Segundo a Associação Brasileira de Jornalismo Investigativo (Abraji) reportou em 19 de abril, o juiz Marcos Josegrei da Silva, da 14ª Vara Federal de Curitiba, aceitou em fevereiro de 2018 denúncia do Ministério Público Federal (MPF) no Paraná. Segundo a denúncia, Oliveira “ultrapassou o limite do tolerável e promoveu a organização terrorista Estado Islâmico” em mensagens ao grupo.

No começo de 2016, Oliveira entrou em um fórum virtual usando um codinome para apurar os métodos de recrutamento de jovens pelo EI na Europa, afirmou a Abraji. O jornalista então passou a se comunicar com integrantes de grupos brasileiros simpatizantes do EI, como um interessado em se juntar a eles.
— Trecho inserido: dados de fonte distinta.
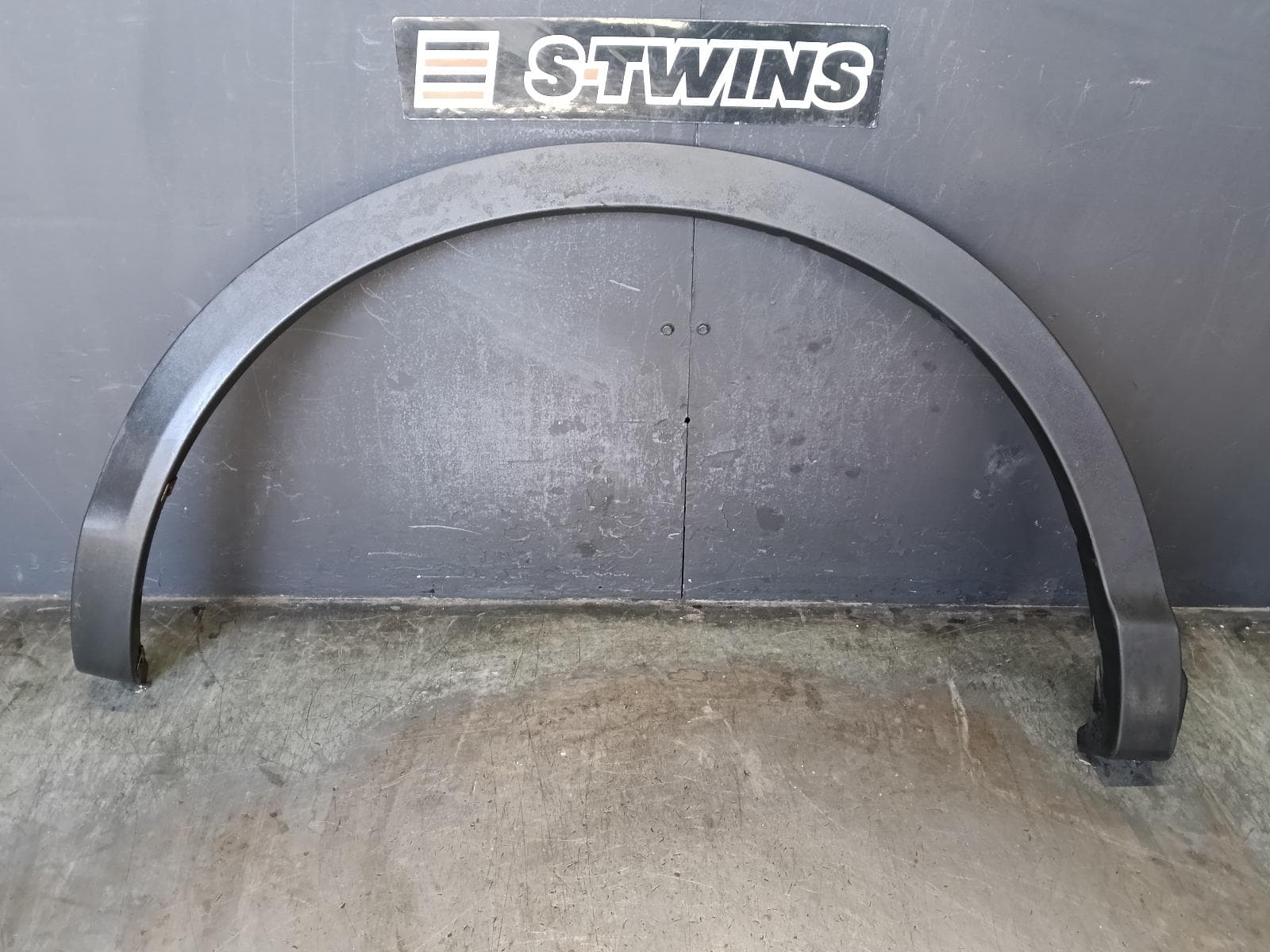 Used auto part listing image: 2019 NISSAN QASHQAI WHEEL ARCH FLARE RH REAR, J11, 12/13-07/21 0000415390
A apuração rendeu reportagens para o jornal Folha de S.Paulo, publicada em março de 2016, e para o programa Fantástico, da TV Globo, veiculado em julho de 2016.

Oito participantes destes grupos foram presos na Operação Hashtag, realizada pela Polícia Federal brasileira na mesma época, conforme reportou o jornal Nexo. A operação tinha o objetivo de desbaratar supostas células terroristas que pudessem perpetrar atentados contra os Jogos Olímpicos que seriam realizados em agosto do mesmo ano no Rio de Janeiro.
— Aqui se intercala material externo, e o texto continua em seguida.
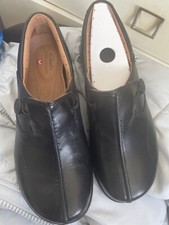 Bnib clarks unstructured for sale  LONDON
A acusação assinada pelo procurador da República Rafael Brum Miron afirma que “o objetivo dele [Oliveira] talvez não fosse promover o terrorismo, mas por diversos momentos ele incentivou o ilícito”, diz o texto reportado pela Abraji. “O limite em uma investigação desse tipo é não incidir no crime que se está apurando”, escreveu o procurador.
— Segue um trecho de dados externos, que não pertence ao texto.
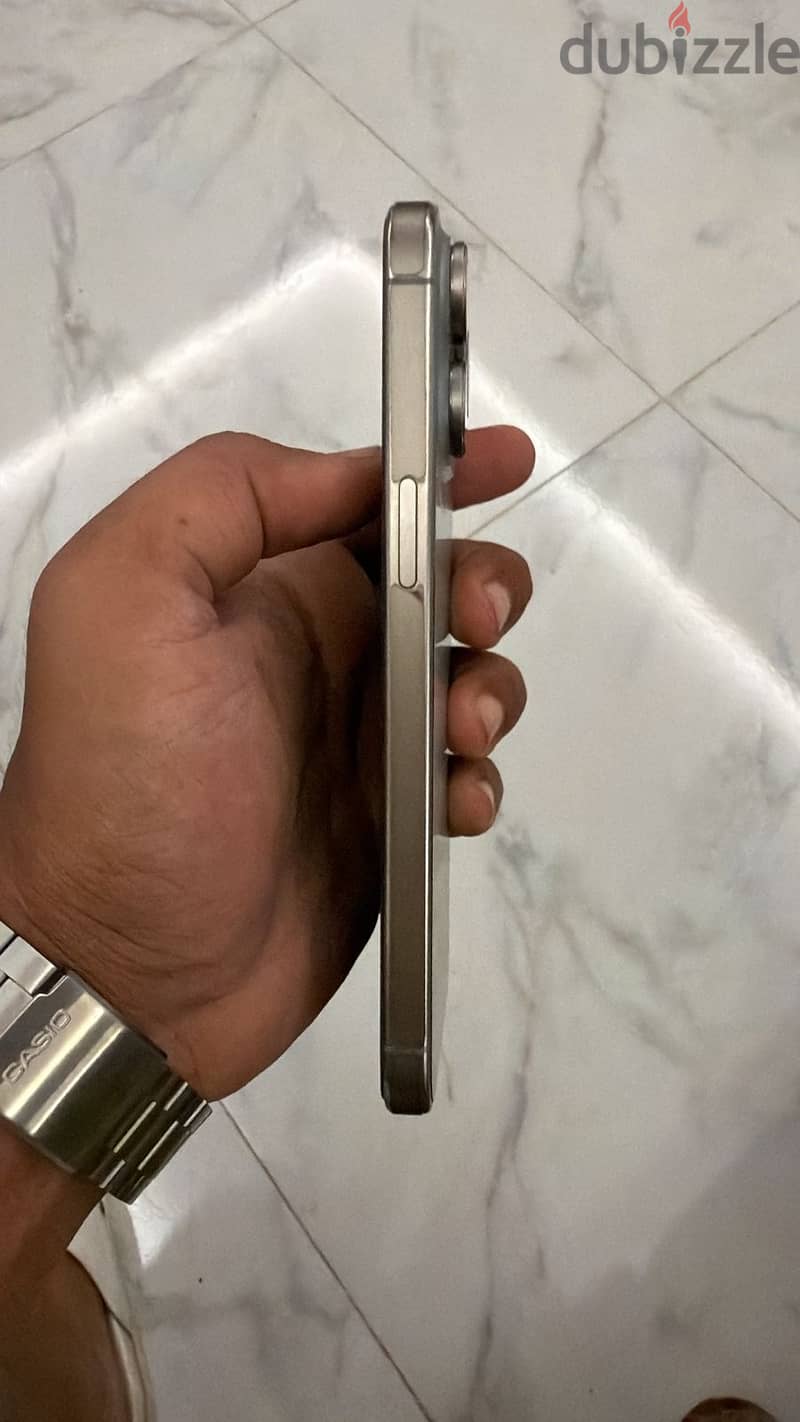 ipohne 15 pro max 4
A denúncia do MPF também afirma que Oliveira “deveria levar os fatos em apreço ao conhecimento da Polícia Federal assim que soubesse do cometimento de crimes”, segundo a Abraji.

O jornalista, no entanto, sustenta que desde o início da apuração esteve em contato com a Polícia Federal, repassando as informações que recebia nos grupos. Segundo ele afirmou ao portal R7, o primeiro contato com o grupo se deu em uma quinta-feira, e no sábado seguinte levou o material que havia recolhido à Polícia Federal.

Cumpri meu dever de repórter investigativo. Não houve nenhuma outra intenção que não fosse a de divulgar às autoridades e ao público a existência dessas organizações”, declarou Oliveira à Abraji.

O inquérito da Polícia Federal menciona que o jornalista “se apresentou na Superintendência Regional da Polícia Federal no Estado do Rio de Janeiro (SR/PF/RJ) e, espontaneamente, prestou declarações e apresentou seu smartphone à Polícia Judiciária”. No entanto, o delegado Guilherme Torres, na conclusão do inquérito, afirma que Oliveira “não teve a postura esperada de um jornalista, a qual deveria ser somente a apuração dos fatos e, em havendo crime, informar à autoridade competente”, reportou a Abraji.

Oliveira disse ao R7 que “confia na Justiça”. “Estávamos fazendo um trabalho puramente jornalístico, confiamos que a Justiça vai verificar e absolver, porque em momento nenhum quisemos promover terrorismo. Pelo contrário, tudo que sabíamos informávamos para as autoridades”, disse o jornalista.

Beno Brandão, advogado de defesa de Oliveira, disse ao R7 que a acusação contra Oliveira é “um ataque à liberdade de imprensa”. “É um caso claro para absolvição sumária. A procuradoria acha que ele deveria ter parado os contatos depois da matéria ter ido ao ar, mas ele só estava fazendo seu trabalho.”

Segundo o Nexo, a denúncia apresentada contra Oliveira tem como base a Lei Antiterrorismo (13.260/2016), aprovada às pressas pelo Congresso brasileiro e sancionada pela então presidente Dilma Rousseff antes dos Jogos Olímpicos no Rio de Janeiro. O trecho em questão está no artigo 3º da lei, que proíbe “promover, constituir, integrar ou prestar auxílio, pessoalmente ou por interposta pessoa, a organização terrorista”.

“A Abraji considera que a atividade jornalística de Oliveira não deve ser confundida com crime”, escreveu a diretoria da associação em nota. “Apelamos ao juiz federal Marcos Josegrei da Silva para que use a compreensão e o respeito que certamente tem pelo trabalho da imprensa para declarar Felipe de Oliveira inocente.”

Nota do editor: Essa história foi publicada originalmente no blog de jornalismo nas Américas do Centro Knight, o predecessor do LatAm Journalism Review.